We then assessed variation in 2-year and 1-year total healthcare costs, outpatient and inpatient costs, total number of hospital admissions, total length of hospital stay, number of ED visits (in last 2 years), use of palliative/hospice care service, and place of death across the delineated trajectories. Last, we ran a multivariable multinomial logistic regression model to investigate the predictors (age, type of housing, private health insurance status, preference for life extension, and cancer site) of trajectory group membership.
Results
Of the 600 patients, 354 died during the study period. A total of 353 patients had completed at least 1 survey in the last 2 years of life and constituted our analytic sample. The time axis was presented in 2-month intervals as time before death (0–24 months). The mean [SD] age for patients was 60.7 [10.6] years. More than half (54%) lived in 3- to 4-room public housing, 42% had a primary education or less, and 62% had private health insurance.
During the last 2 years of life, patients experienced a mean [SD] of 4.2 [3.0] hospital admissions (including unplanned admissions, 1.42 [1.89]) and 28.5 [28] days of hospital stay. Approximately 61% of the patients reported ≥1 ED visit (mean [SD], 2.49 [2.29]).

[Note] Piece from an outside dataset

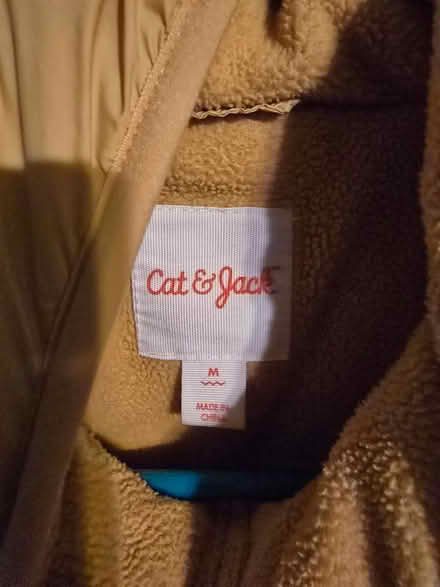 Photo of free Yellow Hoodie (West 7th) #3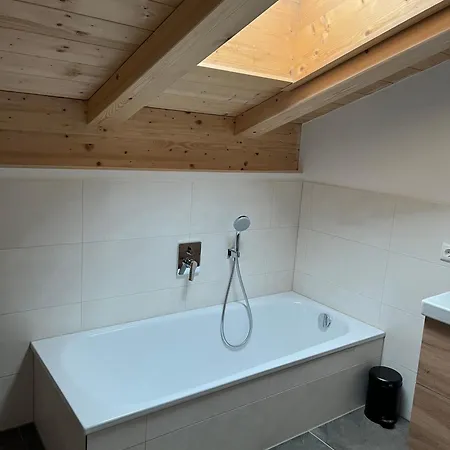 Apartment Hirnsberglehen *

Most patients died in the hospital (60%), followed by home (25%) and hospice/care home (14%) (Table 1).
Sample Characteristics
Mean Healthcare Cost
Patients incurred a mean total healthcare cost of SGD $95,931 (95% CI, $90,002–$101,859) in the last 2 years and SGD $60,021 ($55,992–$64,051) in the last year of life (USD $1 = SGD $1.35). The mean monthly total healthcare cost increased remarkably during the last year and the last month of life; mean monthly inpatient cost followed the same pattern. In contrast, mean monthly outpatient cost remained mostly stable, declining in the last month of life (Table 2). Over the last 2 years, outpatient and inpatient costs constituted, on average, approximately 62% and 37% of total healthcare cost, respectively.

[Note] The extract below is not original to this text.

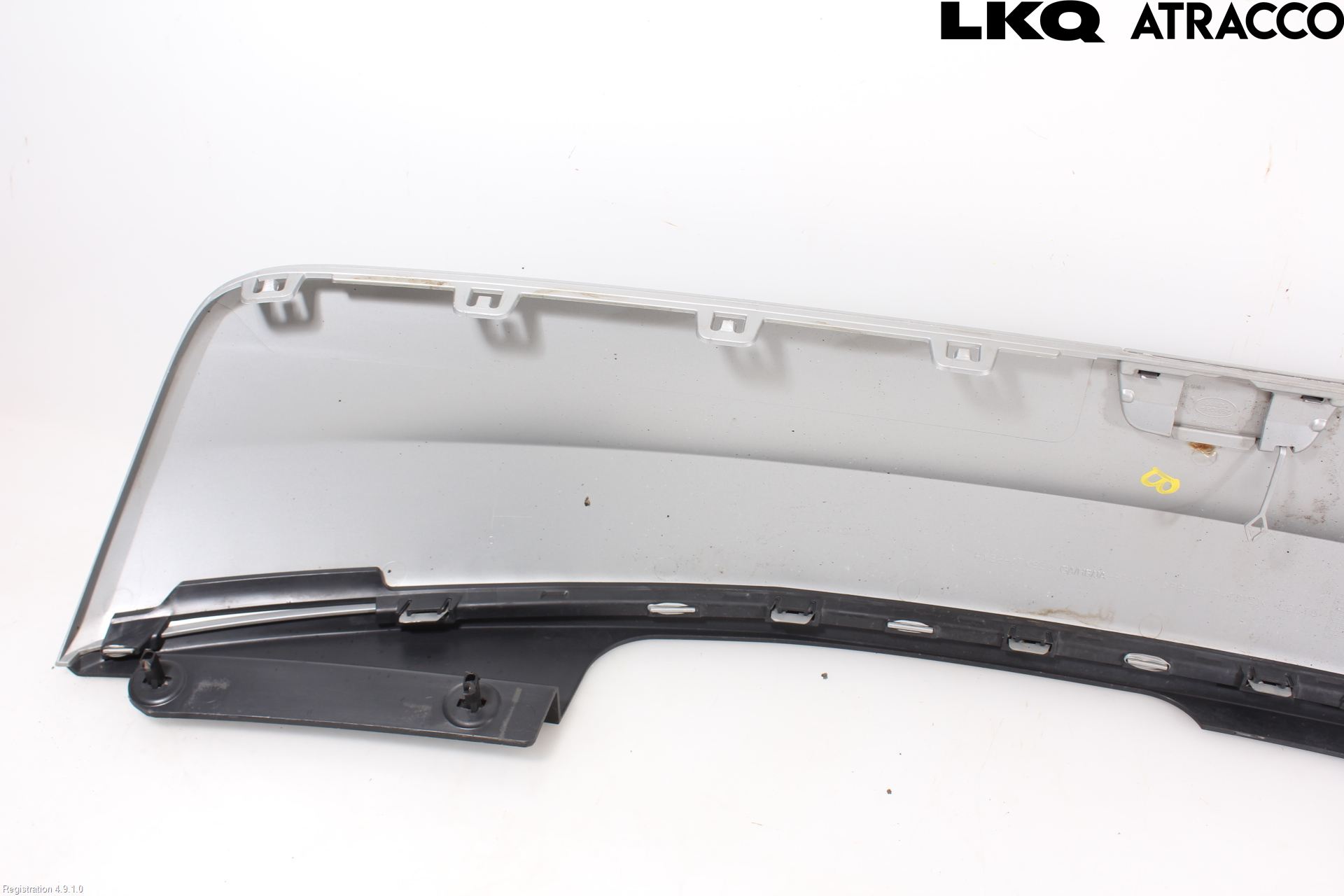 Landrover LAND ROVER DISCOVERY 5 16->> Spoiler Bak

Mean Healthcare Cost (in Singapore Dollars) Incurred by Patients
Healthcare Cost Trajectories
We selected a 4-trajectory model (Figure 1). Average posterior probability was 0.99 for each trajectory. Two of these trajectories were high cost: high and steadily increasing cost (mean total healthcare costs in last 2 years: SGD $109,134; 95% CI, $101,175–$117,093) and steeply increasing cost before the last year of life (SGD $93,275; 95% CI, $78,763–$107,788). The remaining 2 trajectories were low and steadily decreasing cost (SGD $75,054; 95% CI, $59,773–$90,336) and steeply increasing cost in the last year of life (SGD $64,988; 95% CI, $52,778–$77,197). These trajectories are described in detail in the following sections (Tables 3 and 4).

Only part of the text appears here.